しかし、この言葉が本当は何を意味しているのかを深く分析しなければなりません。指導者の感覚が学習者の感覚と同じとは限らず、また「聴こえる感覚」と「何かをしている感覚」が必ずしも一致するわけではないからです。
学習者にとって重要なのは、出した音が自分の求める音ではないと感じた時、その瞬間の感覚を自分自身で捉え、記憶や記録を重ねていくことです。
それによって、自分の身体の反応と音の関係を理解していくことができます。
ここで改めて考えたいのが「喉とは何か」という問いです。見た目上の喉?それとも自分の感覚としての喉?あるいは、解剖学的な喉(咽頭)?
今回は、これを「喉頭」として話を進めていきます。
喉頭は、音程を変える際に上下に動くことが自然な動作です。
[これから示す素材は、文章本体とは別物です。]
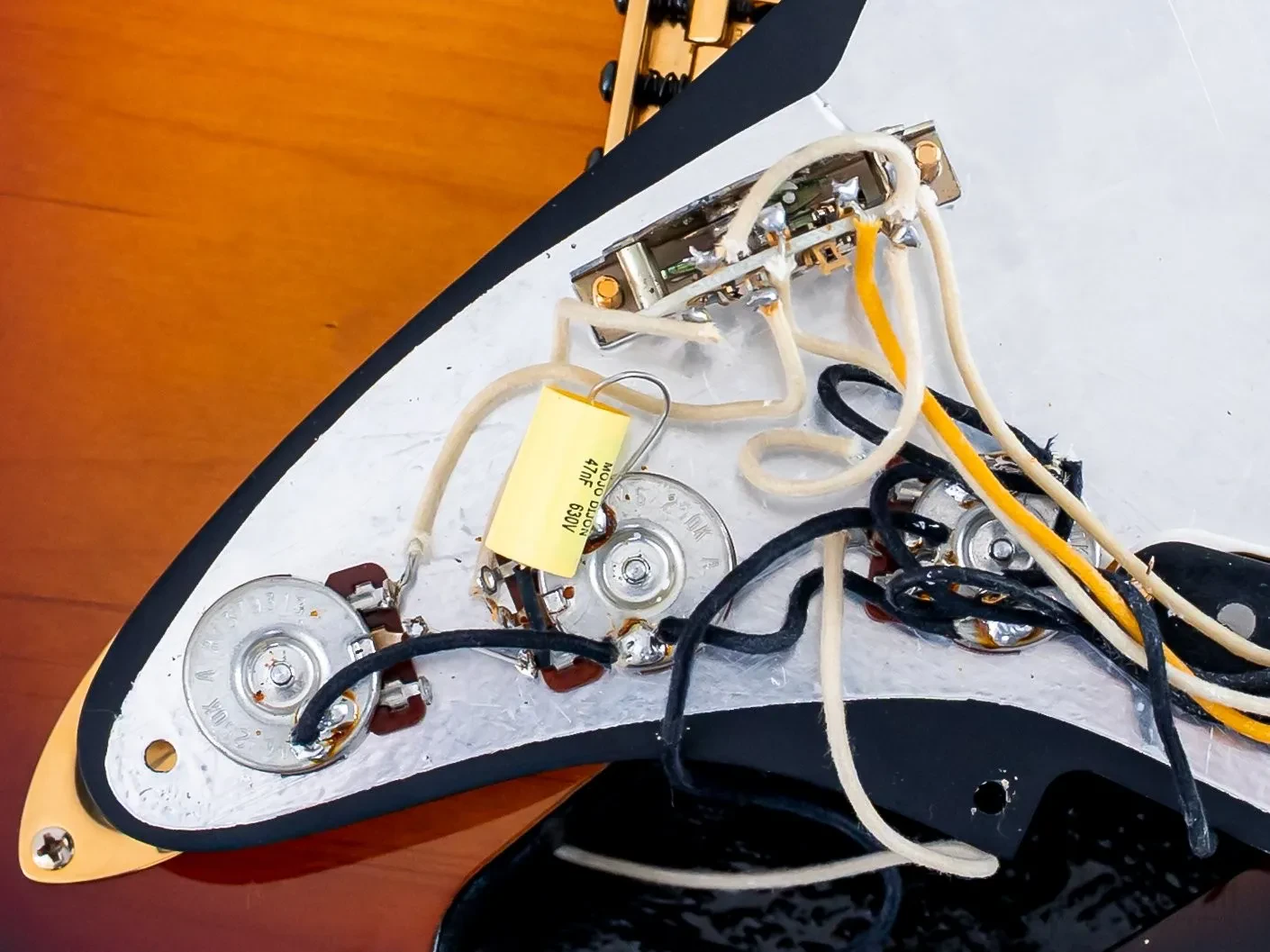 Изображение №20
もし喉頭が動かないように制御されてしまうと、他の機能が音程を作るために代償的に働くことになります。これによって、声の仕組みが不均衡になる可能性が生じます。
代償は連鎖的に影響を与え、最終的には音色を作るための機能が音程作りに巻き込まれてしまいます。その結果、音色を作り出す能力が損なわれ、単調で一面的な音色しか出せなくなってしまう危険性があります。
本来、歌うために持っているすべての機能が健全に働いているときこそ、歌い手は自由に望む音を出すことができます。だからこそ、喉頭の自然な動きや感覚を無理に制限するのではなく、体全体の調和を保ちながら、最適な発声ができる状態を目指すことが重要です。